A darker explanation for our pleasure in violent entertainment is sadomasochism. Recent writers seem to have less trouble than past ones hinting that readers simply enjoy the pain of others, that such enjoyment is not atavistic reversion to some precivilized state but very much a part of what we are as social beings. In 1959 Robert Bloch’s Psycho was careful to explain the sickness of Norman Bates (and thus his difference from us), while in 1991 the much grislier outrages of Bret Easton Ellis’s narrator, Patrick Bateman, in American Psycho are recorded without comment and without resolution [15]. Ellis identifies the bleak materialism of 90s American urban culture with a violence that has hardly ever been so graphically described in fiction.


^ The Appeal of Mysteriousness: Hazlitt and De Quincey Debate

These psychological observations about atavism, catharsis, and sadomasochism address the question why violence appeals in mysteries.

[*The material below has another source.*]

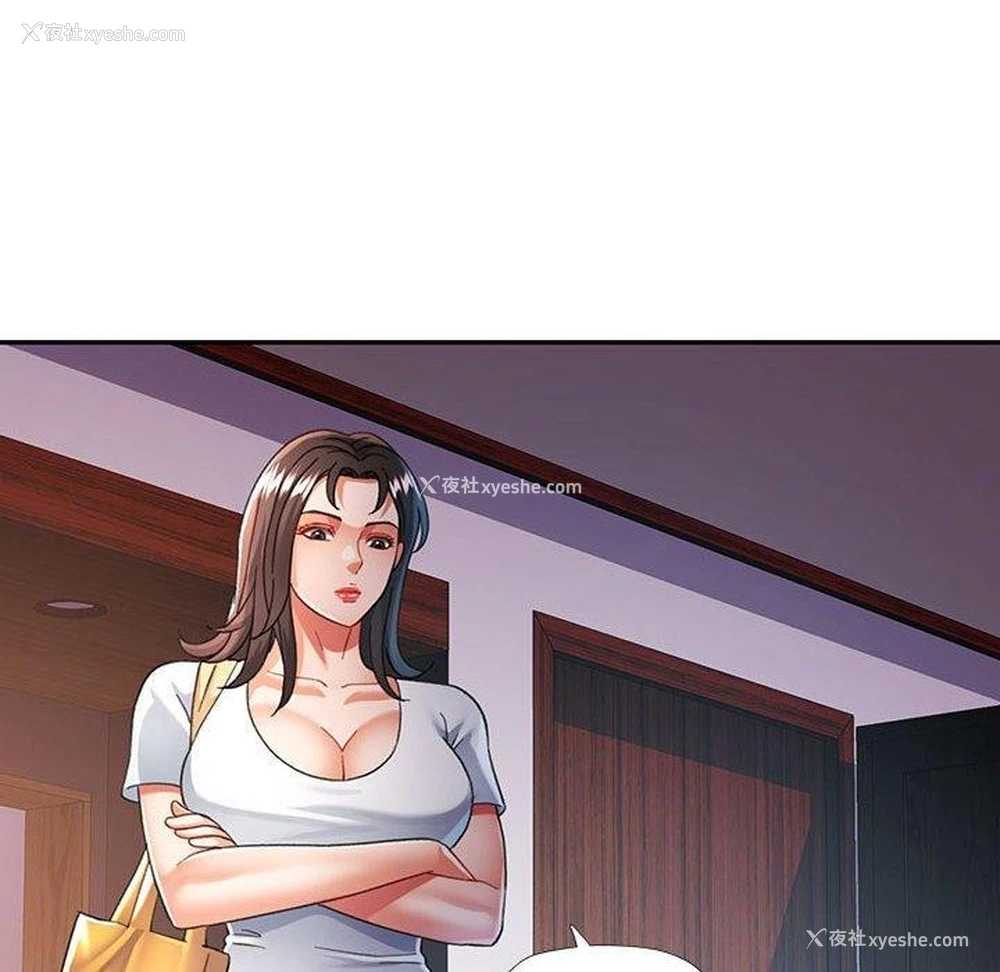 124P - 可以爱你吗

But some mysteries do not have any violence at all, or very little; all of them, however, have mystery itself. The larger question is why the mystery itself appeals. This book investigates that larger question. The investigation is a formal one; that is, it takes into account that the reader’s encounter is with a form of art, and it concerns itself with the formal aspects of the mystery that give rise to the psychological effects just mentioned in the discussion of violence, as well as the consuming interest that readers show in mysteries of all kinds. What does such fiction need in order to attract and hold the reader? The appeal of mysteries clearly depends not just on psychological mechanisms in readers, but on the literary talent and skill of writers. My investigation will begin with the first mystery novel two hundred years ago and the discussion of that book in the writings of two prominent English essayists.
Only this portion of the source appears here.